▸ Prompt: Output, exactly as written, the lines below from the one that has "Multitool knife icon." through the one that has "PA license plate MOS4608"; nothing else, and no pictures.

▸ Study material:
◆ ◆ ◆ ◆ ◆

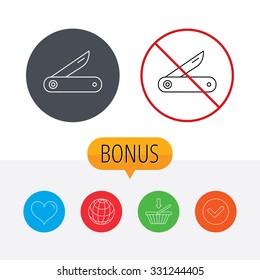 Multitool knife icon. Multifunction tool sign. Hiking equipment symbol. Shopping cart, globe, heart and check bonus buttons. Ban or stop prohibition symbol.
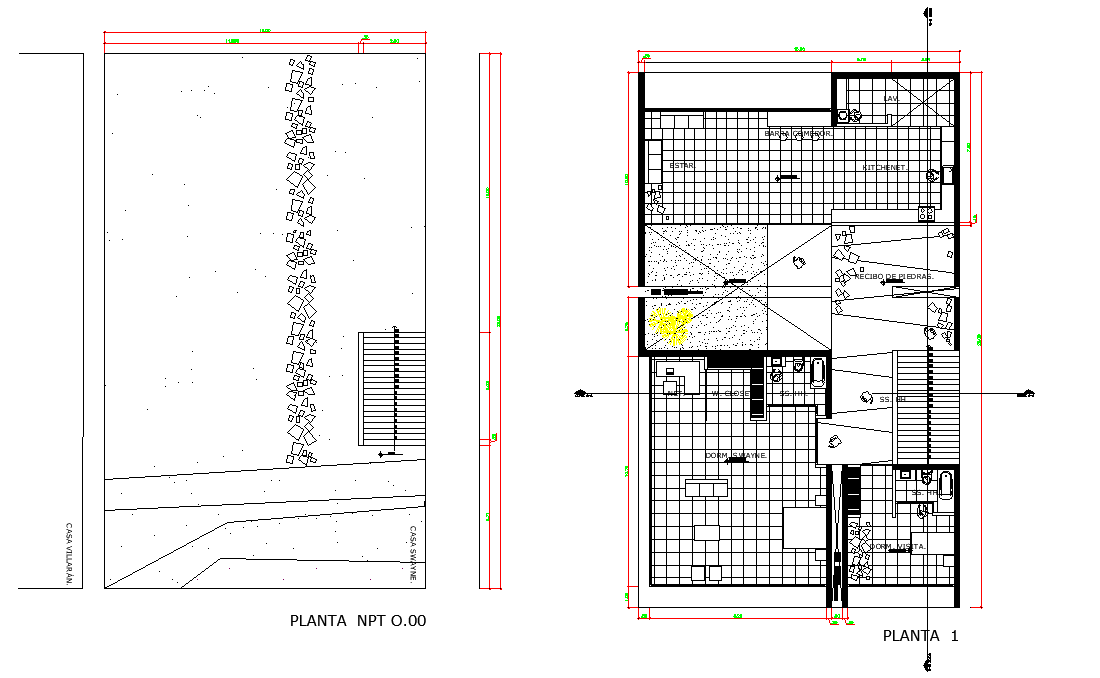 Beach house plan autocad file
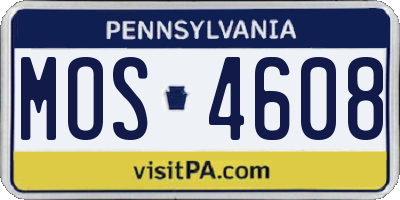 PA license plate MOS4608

◆ ◆ ◆ ◆ ◆

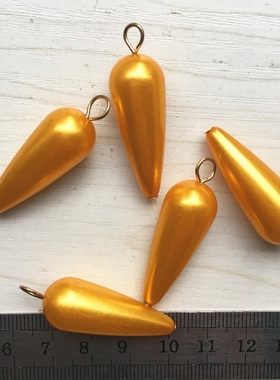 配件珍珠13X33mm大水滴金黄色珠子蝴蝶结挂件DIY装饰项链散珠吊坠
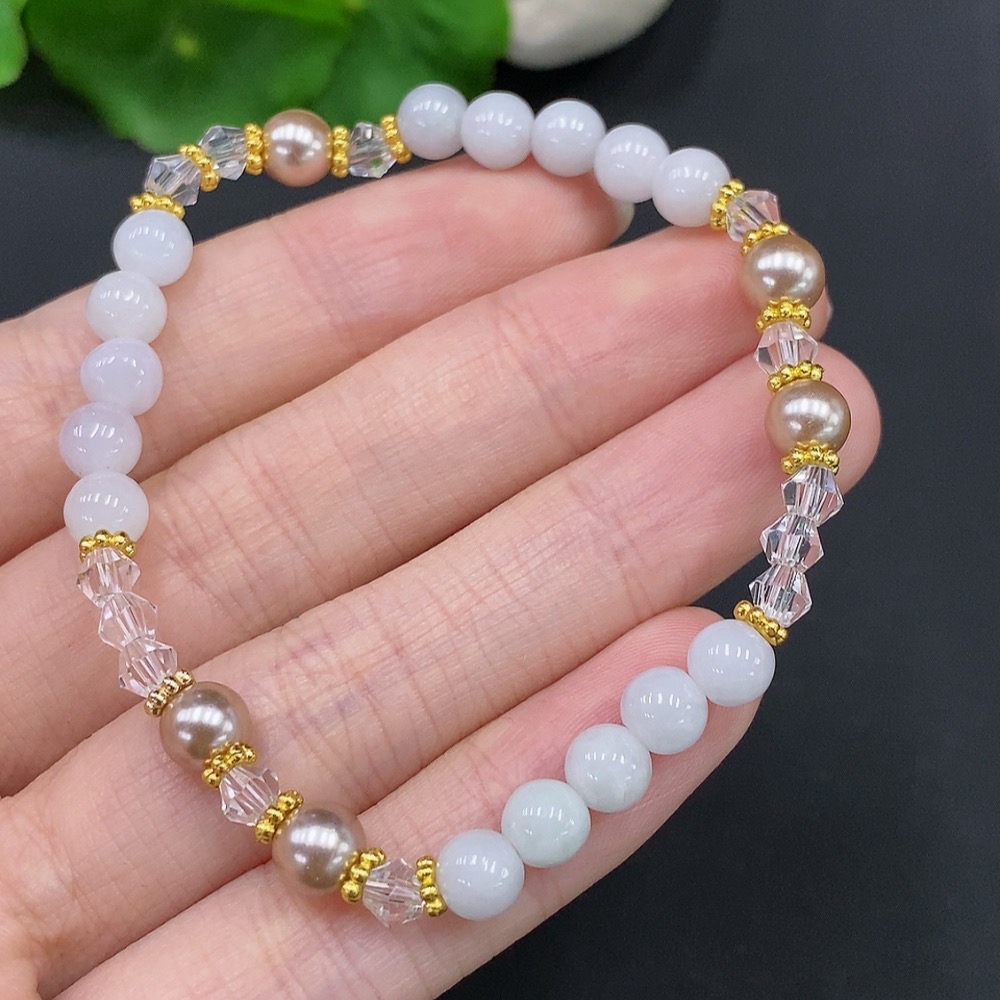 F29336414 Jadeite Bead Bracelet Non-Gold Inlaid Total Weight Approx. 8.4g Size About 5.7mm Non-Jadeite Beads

◆ ◆ ◆ ◆ ◆

▸ Exercise answer:
 Multitool knife icon. Multifunction tool sign. Hiking equipment symbol. Shopping cart, globe, heart and check bonus buttons. Ban or stop prohibition symbol.
 Beach house plan autocad file
 PA license plate MOS4608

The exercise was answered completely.